取り寄せた Clip Filter は、UV-IR 615nm:一般撮影用Astro Multispectra:天体用光害カットAstro Nightscape:夜景用光害カットIR 590nm:赤外カラー撮影用 の4種類である。

STCから購入した4種類の光学フィルター特性
UV-IR 615nm
一般撮影用
Astro Multispectra
天体用光害カット
Astro Nightscape
夜景用光害カット
IR 590nm
赤外カラー撮影用
4種の STC Clip Filter
これらの「Clip Filter」は台湾のSTCが作っているフィルターで、レンズ先端にネジ込む通常タイプのフィルターもあるし、変態クリップフィルターまでも製品化している。

日本では以前から IDAS が光害カットフィルター LPS-P シリーズ などを販売していたけど、仕様や製法・蒸着窯などを日本から導入したのかも知れない。


STCのホームページにフィルターの着脱ビデオがあるので、見て頂きたい。 怖いと感じる方は Clip Filter に手を出さない方が良いだろう。




Clip Filter を装着したテスト写真

とりあえず、どんな発色特性になっているのかテスト撮影してみた。 天体写真・星景写真は現場へ出向かないと何ともいえないけど、おおよその雰囲気は判る。

次に気になるのは偽色やモアレだ。 ローパスフィルタも撤去されているハズなので、偽色やモアレが発生する確率が高いハズなので心配だ。

なお、Astro Nightscape Clip Filter と Astro Multispectrae Clip Filter の実写テスト実施はまた今度ね。

UV-IR 615nm Clip Filter

UV-IR615nmを使えば普通に写真が撮れる
UV-IR 615nm を装着したα7Ⅱa と ノーマルα9 との比較
α7ⅡaでAWB α9でAWB α7ⅡaでDayLight α9でDayLight
通常撮影が出来る様に UV-IR 615nm という Clip Filter を用意したので、装着して撮影してみた。 結果はご覧の様に案外とちゃんと撮影出来る。 光路長が伸びる方向なので、無限遠撮影は出来るし、大きな問題は無さそうだ。 SONY α9 と比較してみると、カラーバランスも大きく崩れていない。
ちなみに、このフィルターを装着すると水素輝線スペクトルに対する感度は大幅に少なくなり、散光星雲撮影には向かない。 あくまでも、一般撮影で大きな問題を無くするだけのものだ。 個人的にはUV-IR615nmでの色味は嫌いじゃないなぁ。

IR 590nm Clip Filter

赤外域主体の画像を特殊現像すれば不思議の国だ
このフィルターは、赤域および赤外域を透過するフィルターで、植物を疑似的な黄金色に表現出来るフィルターである。 いわゆる赤外線写真なら IR-Pass720nm とか IR-Pass850nm とかを使って白黒写真にするんだけど、違った雰囲気のカラー写真を撮ってみたかったのだ。 まだ最適な現像設定を見つけられていないけど、これで撮った写真は、異次元空間とか異世界空間に迷い込んだ感じの写真になる。
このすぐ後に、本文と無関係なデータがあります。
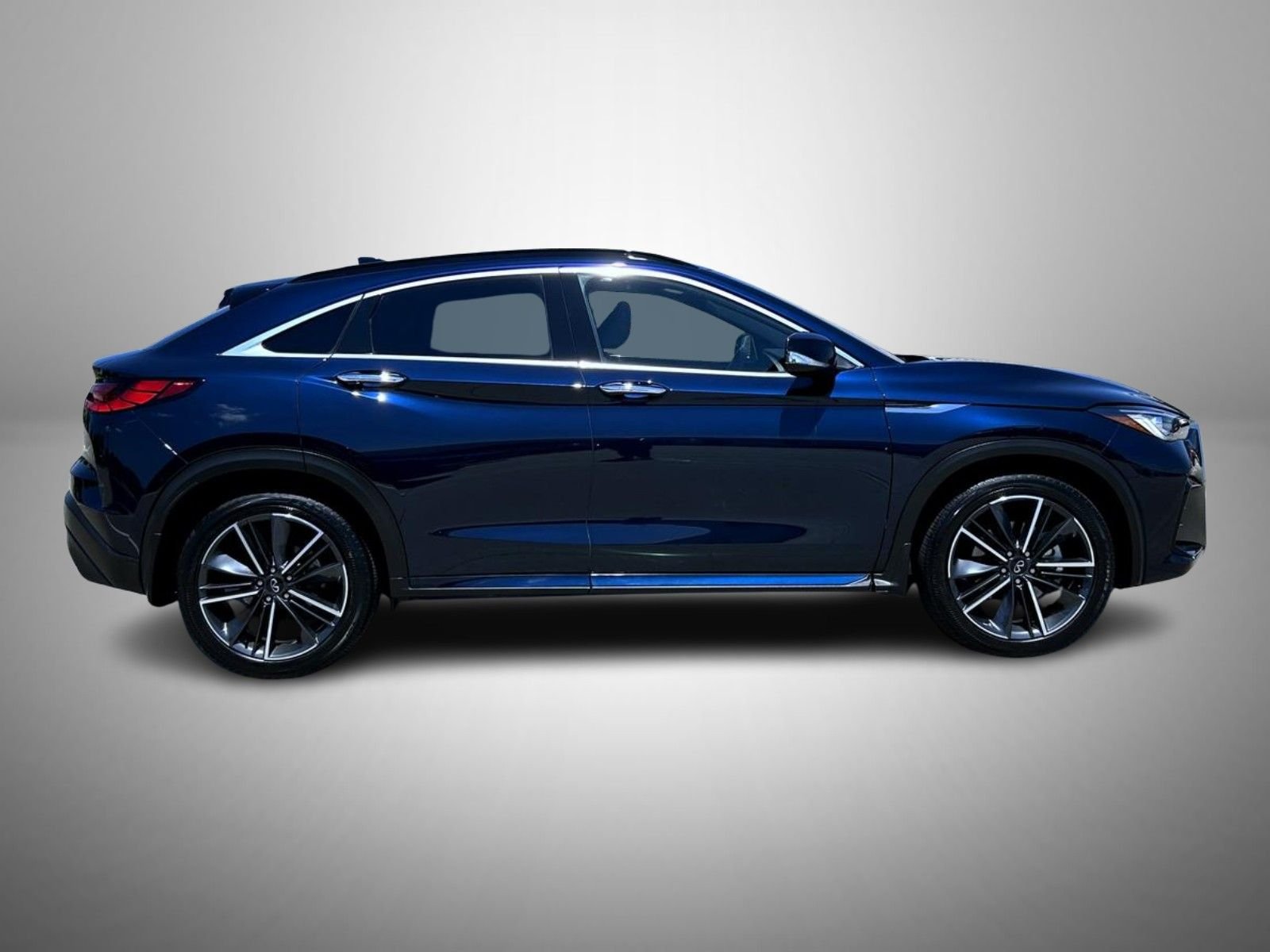 Certified Used 2023 Blue INFINITI LUXE image 4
ホワイトバランスを太陽光にセットして、紫外域から赤外域までダダ漏れ状態のα7Ⅱaで撮影した場合と、UV-IR615nmフィルターを装着した場合と、IR590nmフィルターを装着した場合での写真を比べてみた。 α7Ⅱaそのままで普通の写真は撮れないのが良くわかる。 一方、IR590nmを装着して特殊現像した写真は緑の葉っぱが金色になって面白い表現が出来る。
素通しα7Ⅱaと UV-IR 615nm装着と IR590nm装着と 特殊現像との比較
Aα7Ⅱaそのまま α7Ⅱa+UV-IR615nm α7Ⅱa+IR590nm 特殊現像処理

Astro Nightscape Clip Filter ※実写画像を追加

夜景用・星景用光害カットフィルター Astro Nightscape
夜景用・星景用光害カットフィルターがこれだ。 水銀灯やナトリウムランプなどによるカブリを低減してくれる...けど、比較撮影していないので、効果は良くわからない。 それから、ホワイトバランス設定をどうするか、これからの検討課題だ。


まとめ

僕の用済み SONY α7Ⅱの「クリア改造」は、送料・税込みで39,730円だった。 一方、台湾のSTCから購入した4種のフィルターは、合計US$622.00だったので、改造費よりもフィルターの方が ず~っと高くついたけど、昔よりも気軽に特殊スペクトル写真を楽しめる時代になった。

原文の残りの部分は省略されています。